Repeat every line from the line containing "Continuous one line" to the end of the data, exactly. Leave the pictures out.

[TASK INPUT Boundary: Start]

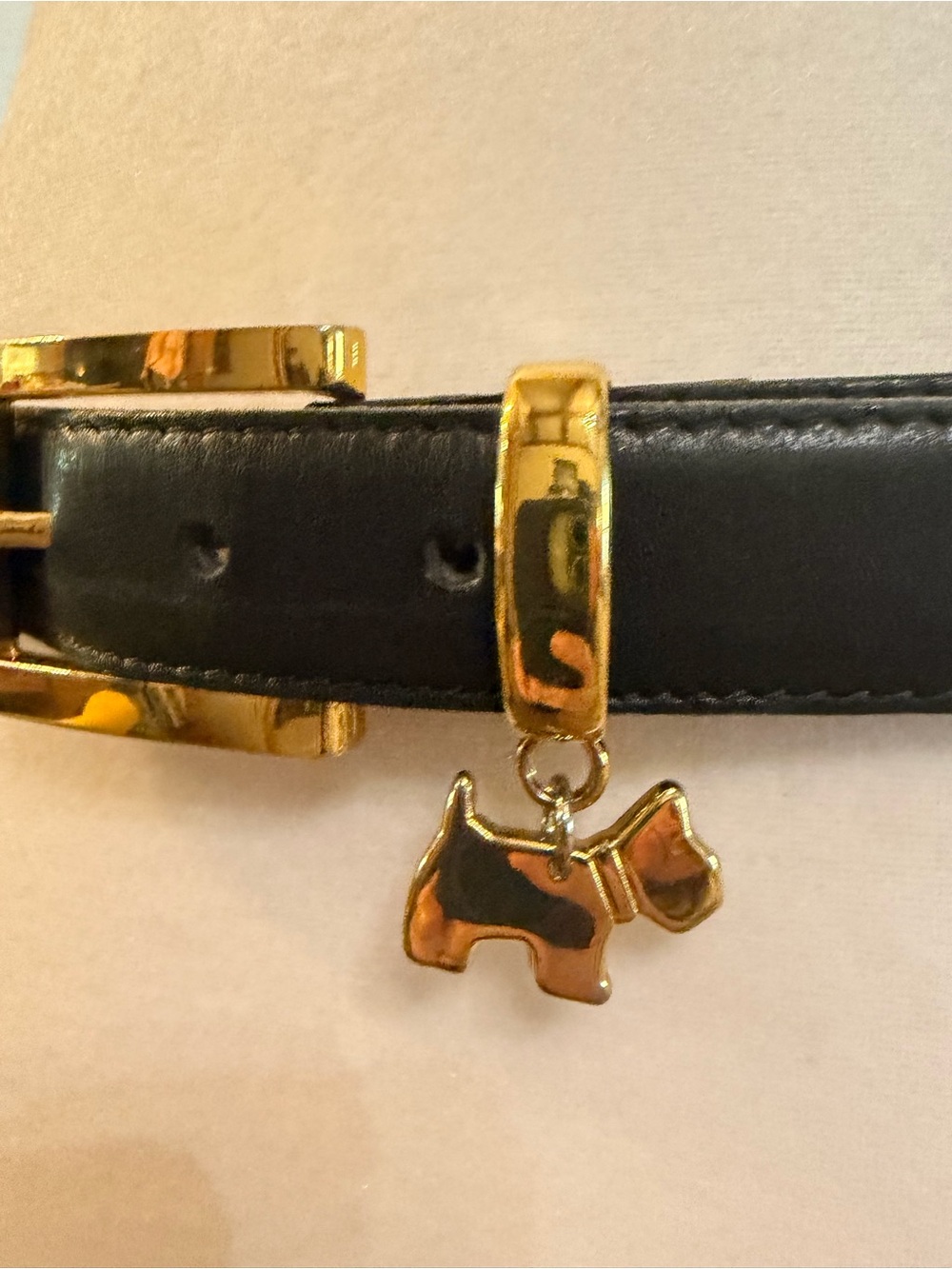Vintage Dog Black and Gold terrier belt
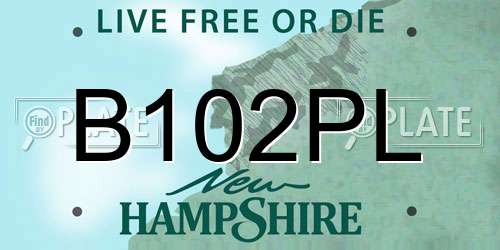 B102PL New Hampshire License Plate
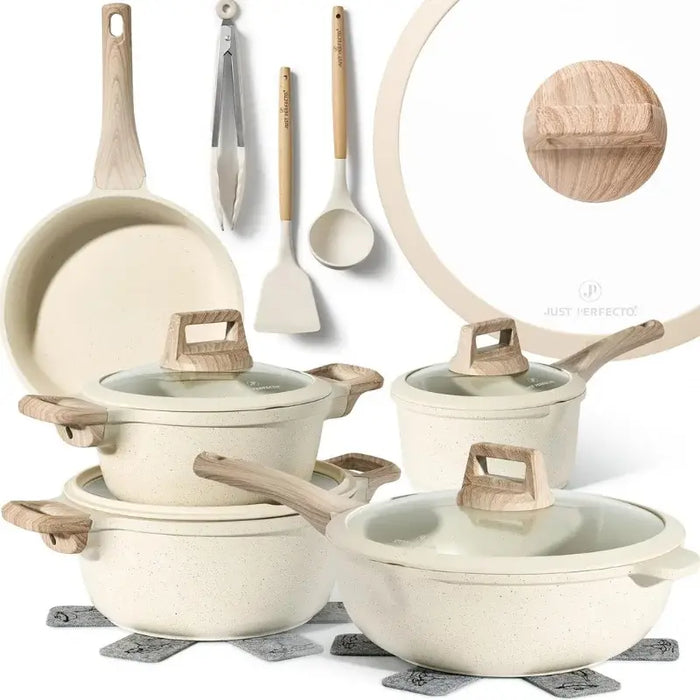 Just Perfecto 14-teiliges Granit-Kochgeschirr – Beige Antihaftbeschichtung mit Deckeln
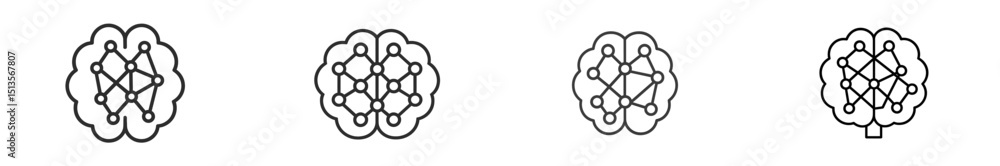 Fototapete Network graphics showcasing different neural network architectures with a minimalistic design in black and white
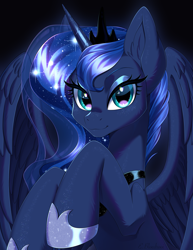 Size: 2700x3500 | Tagged: safe, artist:e-boi, derpibooru import, princess luna, alicorn, pony, g4, blue eyes, blue mane, blushing, crown, cute, digital art, ethereal mane, eyelashes, eyeshadow, feather, female, flowing mane, glowing, glowing horn, gray background, high res, hoof shoes, horn, jewelry, lidded eyes, looking at you, makeup, mare, peytral, raised hooves, regalia, simple background, smiling, smiling at you, solo, sparkles, spread wings, starry mane, stars, wings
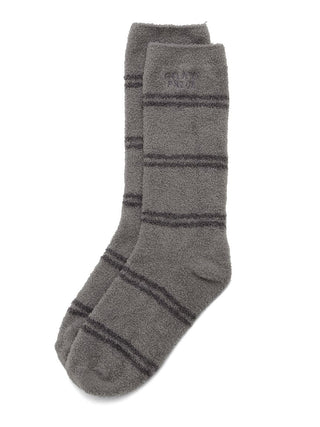 Hot Smoothie Striped Lounge Socks in Dark Gray, Cozy Women's Loungewear Socks at Gelato Pique USA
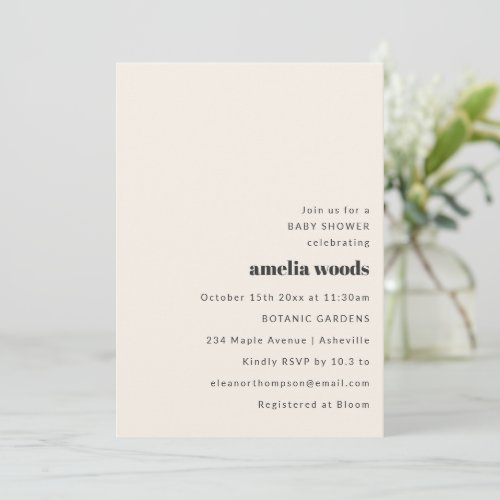 Baby Shower Bold Retro Ivory Modern Typography Invitation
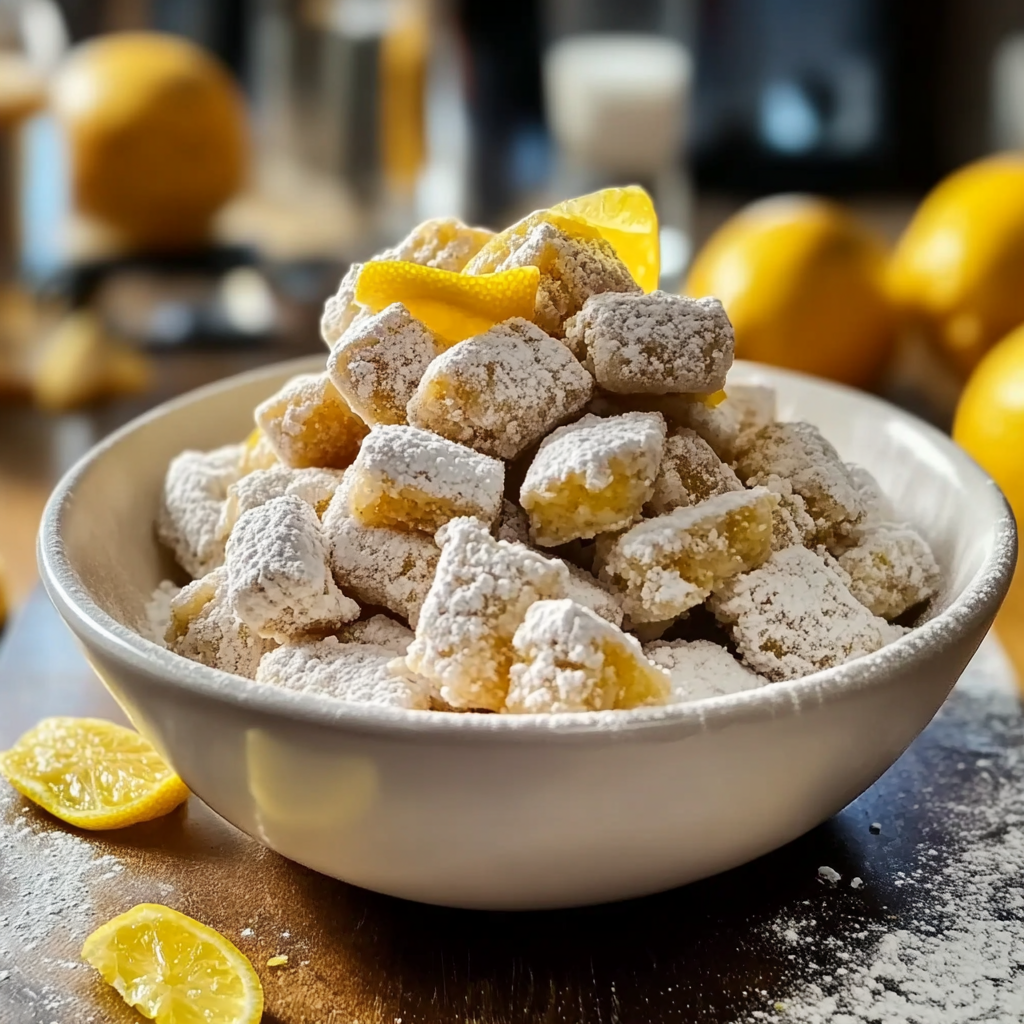 Recipe preparation for Zesty Lemonade Puppy Chow Snack Recipe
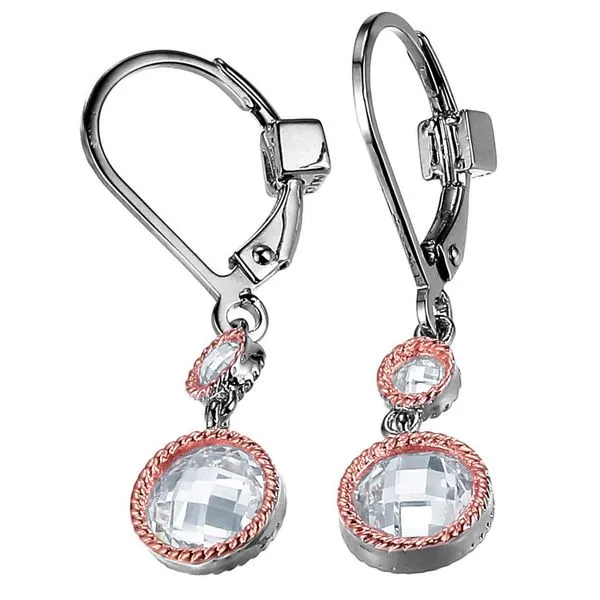 Sterling Silver and Round  CZ Drop Earrings Venus Jewelers Somerset, NJ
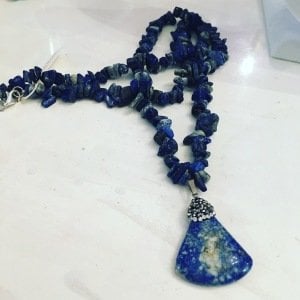 Sodalit  ve lapis taşlı zirkon kolye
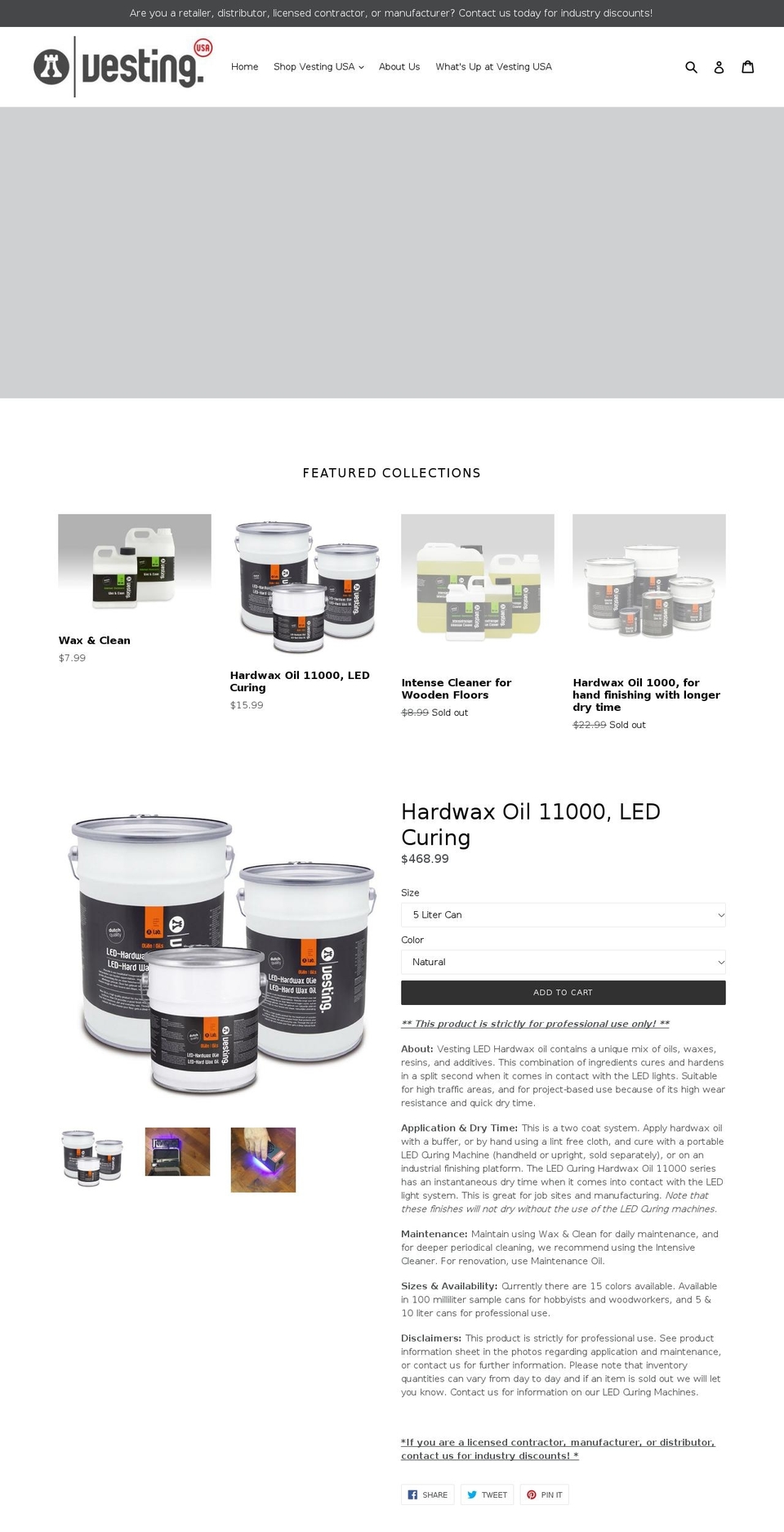 shopvestingusa.com — Shopify storefront screenshot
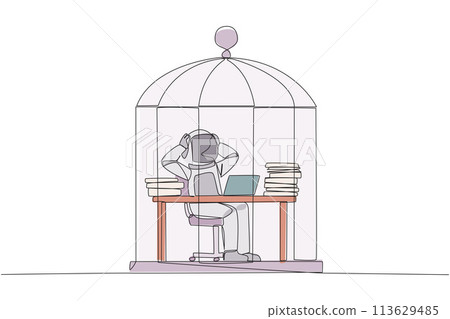 Continuous one line drawing astronaut trapped in cage sitting on office chair holding head. Being in routine trap. Tired and irritated with the daily grind. Single line draw design vector illustration 113629485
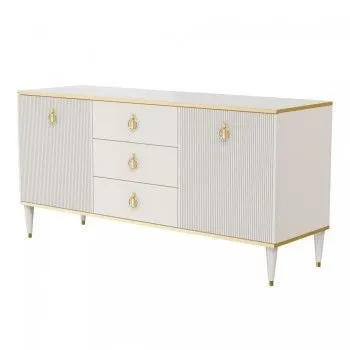 Комод для гостиной 1.6м Римини СОЛО (Слоновая кость/Золото) РМКМ-4(s)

[TASK INPUT Boundary: End]

* [RESPONSE AREA]:
 Continuous one line drawing astronaut trapped in cage sitting on office chair holding head. Being in routine trap. Tired and irritated with the daily grind. Single line draw design vector illustration 113629485
 Комод для гостиной 1.6м Римини СОЛО (Слоновая кость/Золото) РМКМ-4(s)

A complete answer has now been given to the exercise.